Iaijutsu is the art of drawing the sword and cutting in one fluid motion. The style itself originated was originated in 1590 by Hayashizaki Jinsuke Minamoto no Shigenobu, whose father was slain by a swordsman. Young Hayazashizaki, less skillful that than swordsman that killed his father, meditated 100 days at a shrine and (it is said) received insight into the method that became Iaijutsu. He successfully avenged his father and went on to found the style.
I cannot now tell you how I found it - I was just searching on the Internet not soon after I had moved to New Home and was looking for something to learn. I had done European fencing in the past and while I had enjoyed it, it was not a complete sword style to me: there was no drawing, no sheathing, no practical application in what would have been real situations.
Iaijutsu, in the nine years I have practiced it, has taught me many things. Yes, it has taught me some level of using the sword as well as open hand techniques and naginata. But I would argue that it has actually taught me a great deal more.
The practice of Iai has changed my character. It has instilled in me discipline (through practice) and consistency (in practice and attending class week after week, year after year). It has taught me the practice of patience and the speed of reaction. It has taught me the importance of timing and distance - factors not important just in Iai but in life itself (everything, if you think about it, is related to timing (when and where) and distance (how far and how close).
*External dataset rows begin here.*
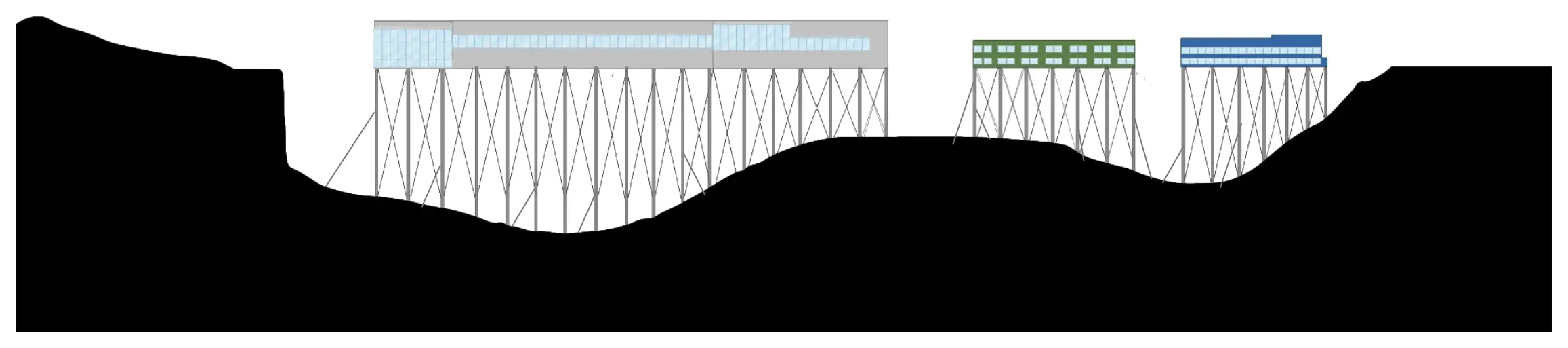 Black section of the valley with the kept buildings standing on long braced piles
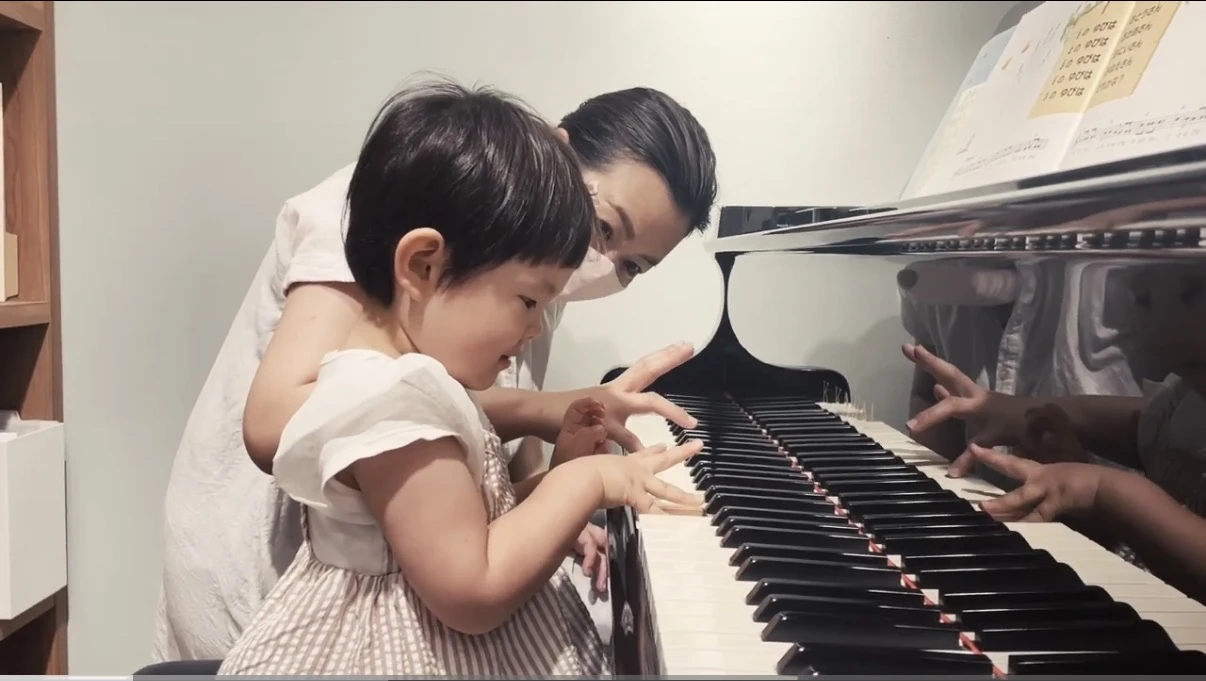 先生に見守られながら、お子さんがグランドピアノの鍵盤に触れるレッスンの様子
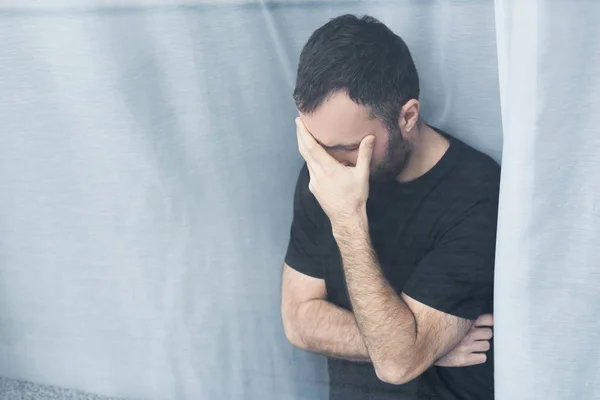 Homme seul en t-shirt noir debout près de la fenêtre à la maison et tenant la main sur le visage — Photo de stock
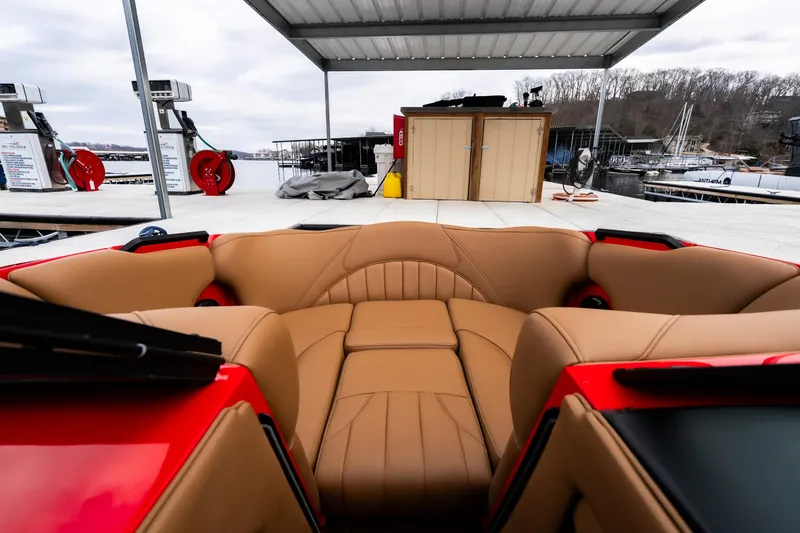 Slide: The Image of 2026 MB B52 23 Classic boat interior with red dashboard and tan seating at a marina. - 21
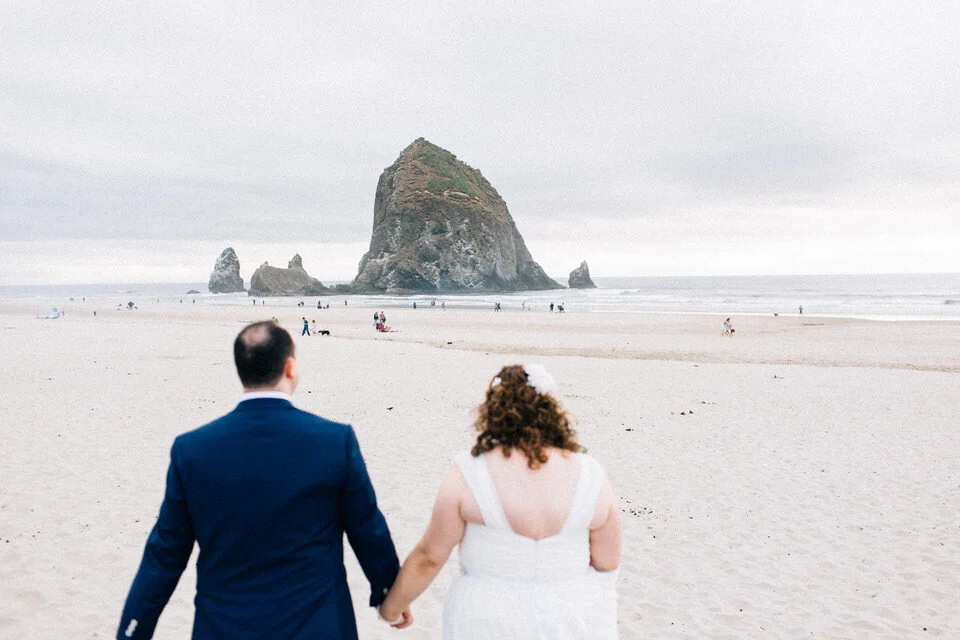 Couple walks towards water on beach holding hands on Washington Coast Fuck Yeah Weddings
It has also given the insight that ten year old me wanted into Japanese culture. It enabled me to return to Japan. And it has given me a new set of friends scattered all over the world but united by Iai.
It allowed me to have a basic level of understanding of the techniques of the lowest level - as I argue, I am now always the sensei of last resort, when my own sensei is unable to attend class.
It has also taught me how little I actually know - that just knowing the techniques of anything are not the same as understanding it and that only practicing the techniques in order of learning is not the same as applying them in real life - sword battles usually do not end at the first cut and must be continued until victory, just as any other situation in life. It gives me something to look forward to on the worst of days and inevitably I feel better mentally after I have been to class.
After nine years I would tell you that I am a mediocre swordsman at best, scarcely able to clear the sheath and get a cut or block. But I am always comforted by the head of my order, who always reminds us that Iai mastery is a lifetime art, a journey whose destination we never quite reach.
And every day, I get to take one more step towards mastery.